A nossa manifestação terminou com um comício ao ar livre, em frente à sede distrital do Partido. Falaram aos manifestantes os dois Deputados eleitos à Assembleia Constituinte, Américo Natalino Viveiros e eu próprio; e também José Carlos Simas, que viria a ser mais tarde também eleito Deputado à Assembleia Regional. Improvisou-se um estrado, utilizando a mesa de torcidos e tremidos que o MFA tinha dado ao Partido e que tinha antes pertencido à Legião Portuguesa. Para cima dela saltou também o nosso militante da primeira hora Hermano Cabral, infelizmente já falecido, conforme se pode ver em fotografias então feitas pelo fotógrafo da Maia, também entusiasta dos tempos fundacionais do PPD, que empurrou para a frente dos oradores um pequeno de óculos, que julgo ser seu filho.

Se essa manifestação foi ou não fundamental para preparar a grande movimentação popular do 6 de Junho, também em vésperas de contar meio século, é assunto que será sempre discutido.

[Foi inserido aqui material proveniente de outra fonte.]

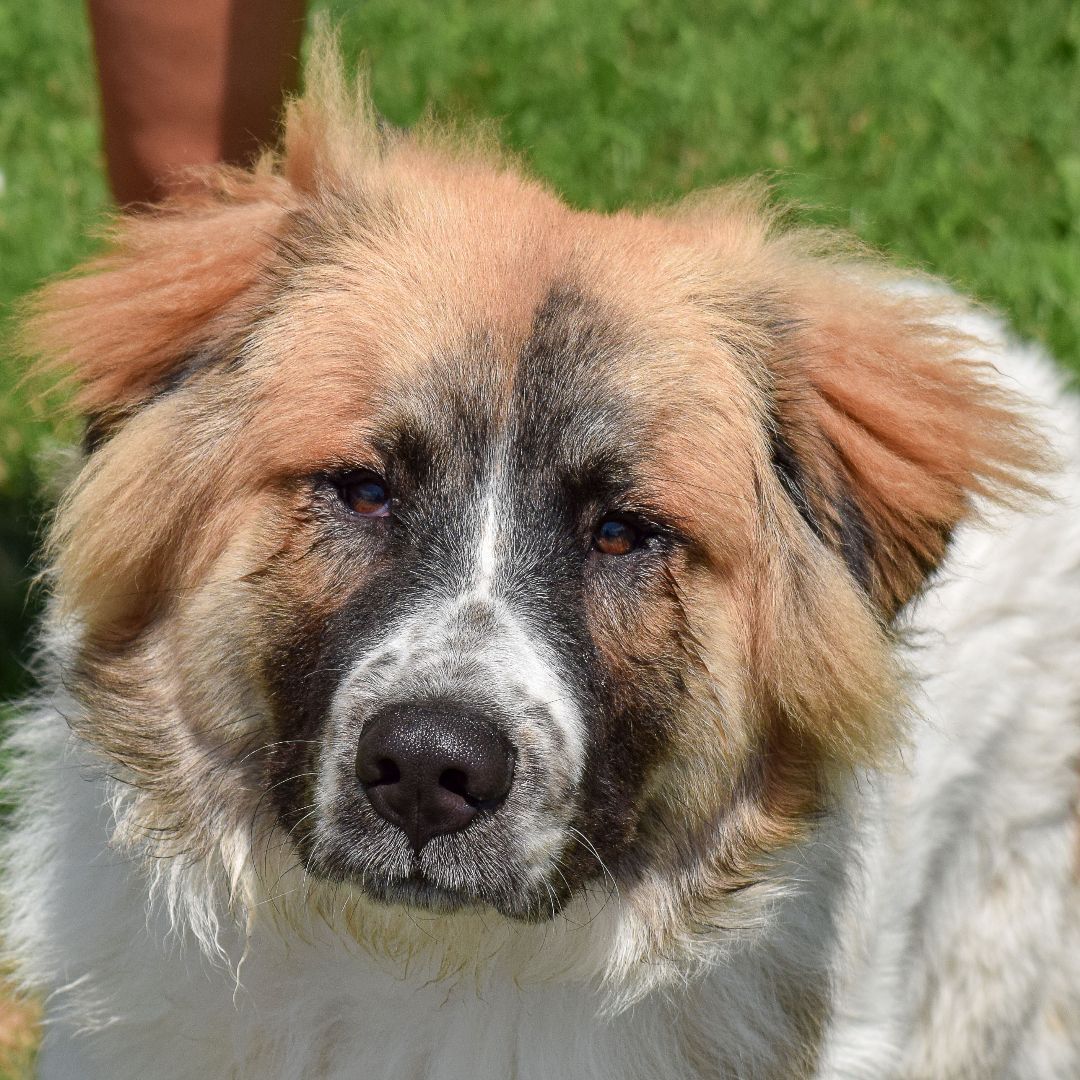 Buddee, an adoptable Saint Bernard, Great Pyrenees in Huntley, IL, 60142 | Photo Image 1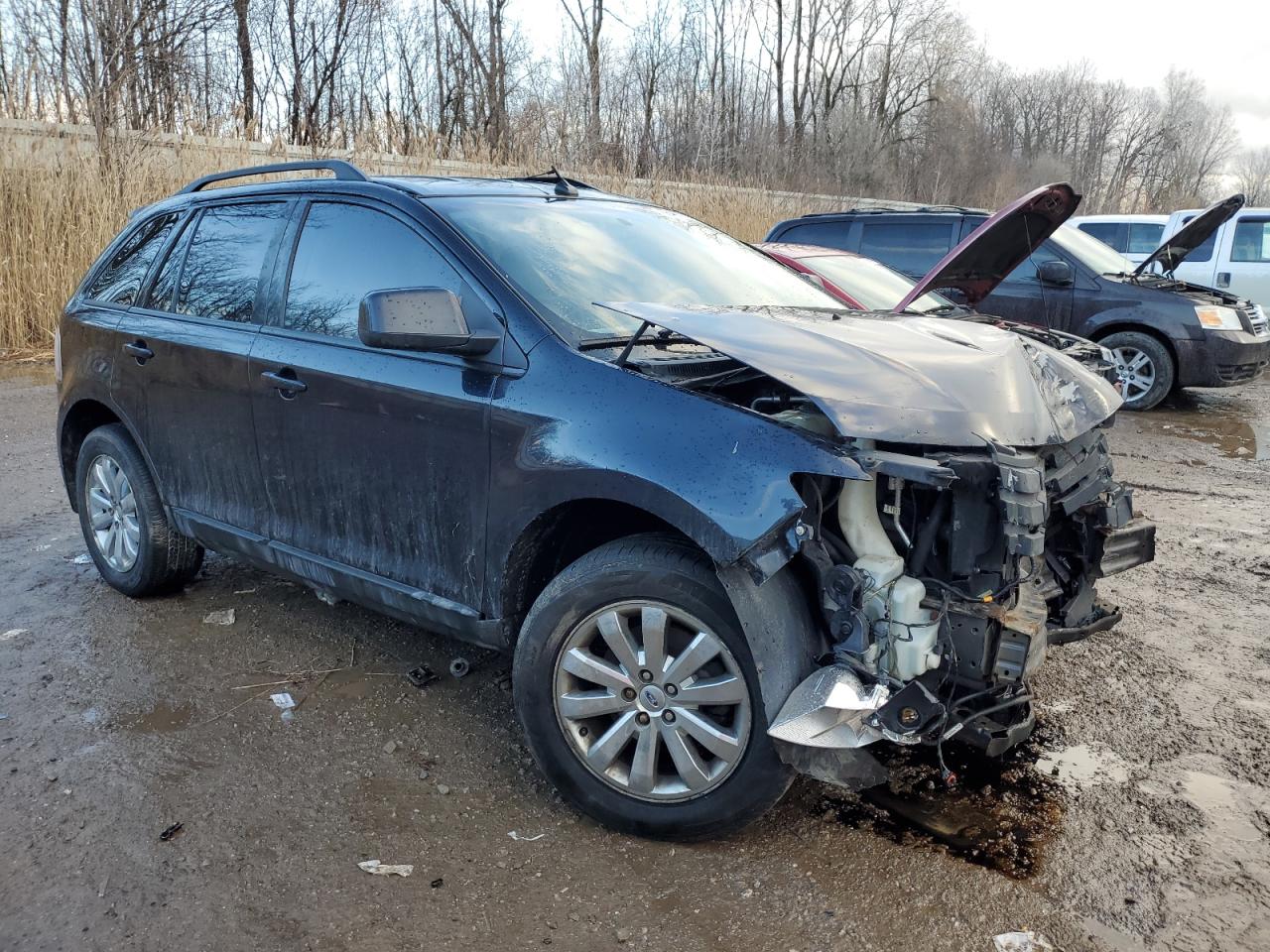 Lot #3045683656 2010 FORD EDGE SEL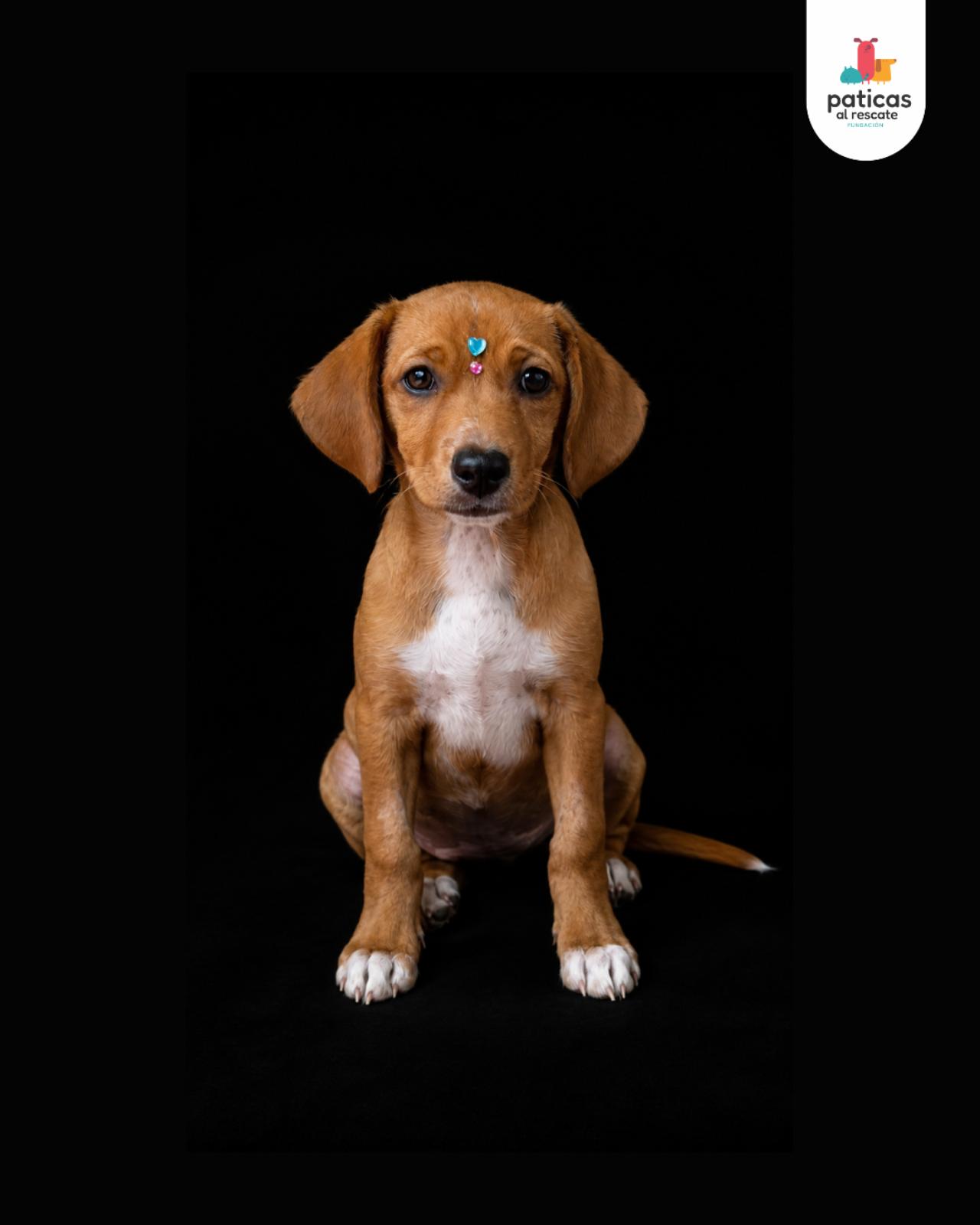 ADOPTA A AREPITA_7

Para mim tenho uma recordação indelével dessa primeira saída para a rua do PSD/Açores, às quais muitas outras se seguiriam, sobretudo no período fundacional da nossa nova Autonomia Constitucional, arrancada a ferros aos que a ela se opunham, tanto em Lisboa como por cá.

*Por convicção pessoal, o Autor escreve segundo o antigo Acordo Ortográfico.